Aim of the task → Skip the pictures, please, and write out exactly every line from the one containing "Mr. Leight JANE" through the end of the listing below.

START Information shown

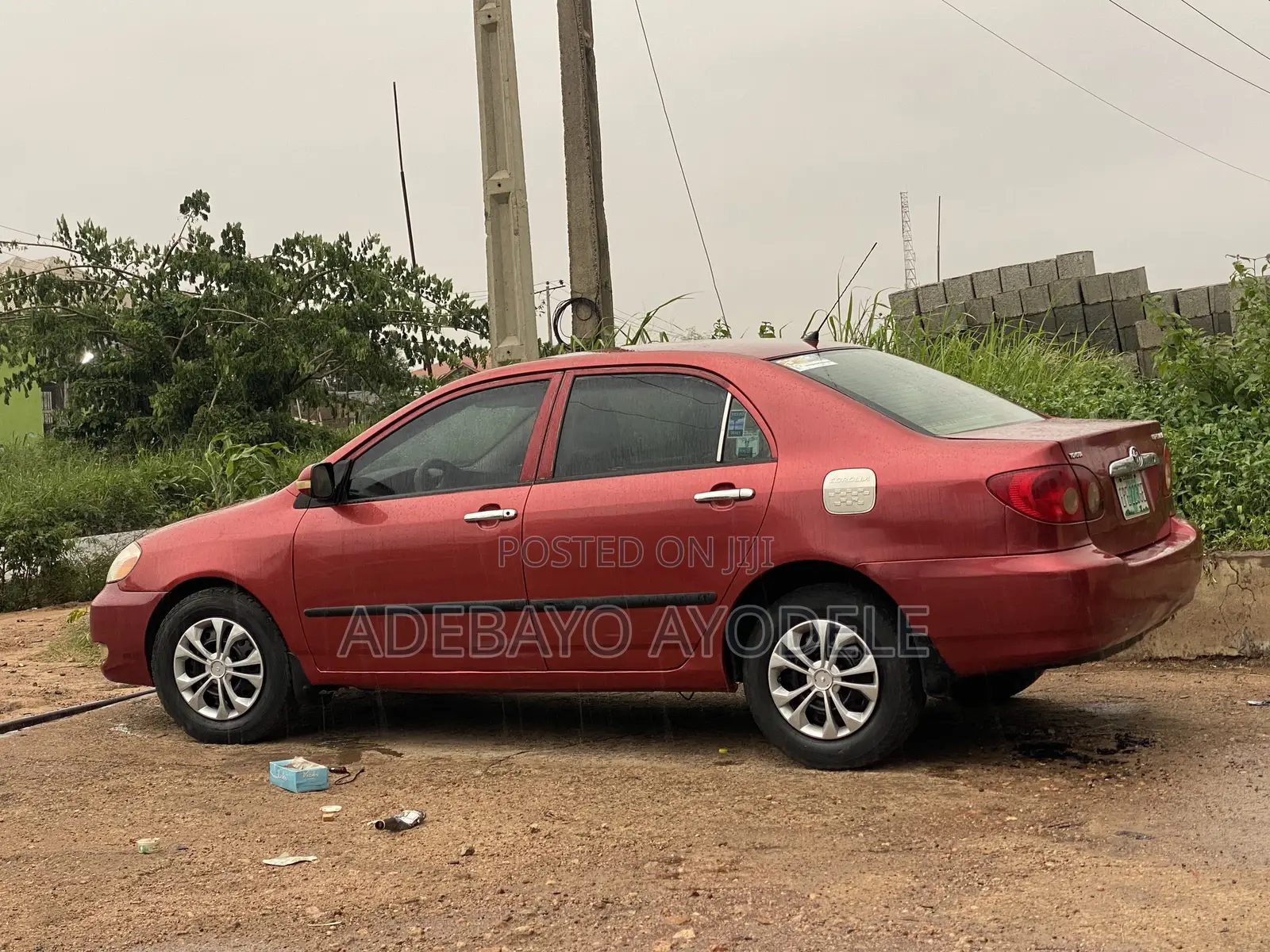 Toyota Corolla LE 2005 Red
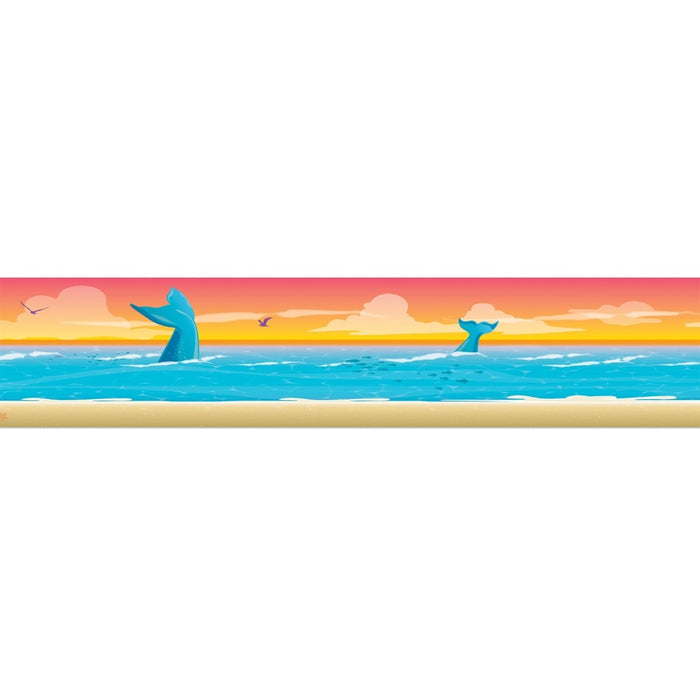 Seas the Day Horizon Extra Wide Die - Cut Deco Trim®, 37 Feet Per Pack, 6 Packs - Kidsplace.store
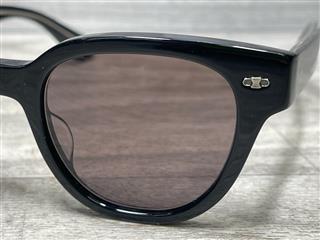 Mr. Leight JANE S Lava Oval Sunglasses ML2047-48-BK-PW/LAVA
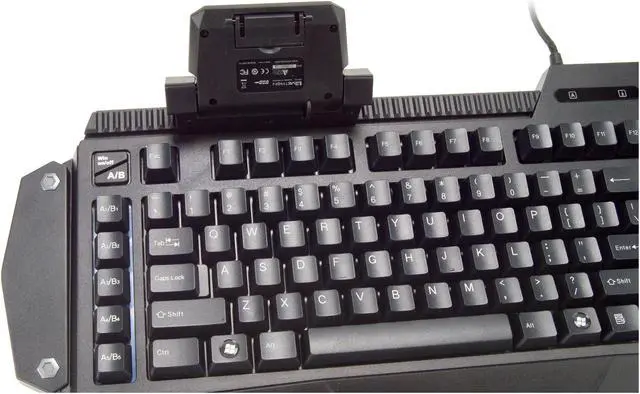 Alt view image 2 of 7 - AZIO KB577U Levetron Mech5 Mechanical Keyboard w/ Cherry Black MX Switches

END Information shown

Answer below →
 Mr. Leight JANE S Lava Oval Sunglasses ML2047-48-BK-PW/LAVA
 Alt view image 2 of 7 - AZIO KB577U Levetron Mech5 Mechanical Keyboard w/ Cherry Black MX Switches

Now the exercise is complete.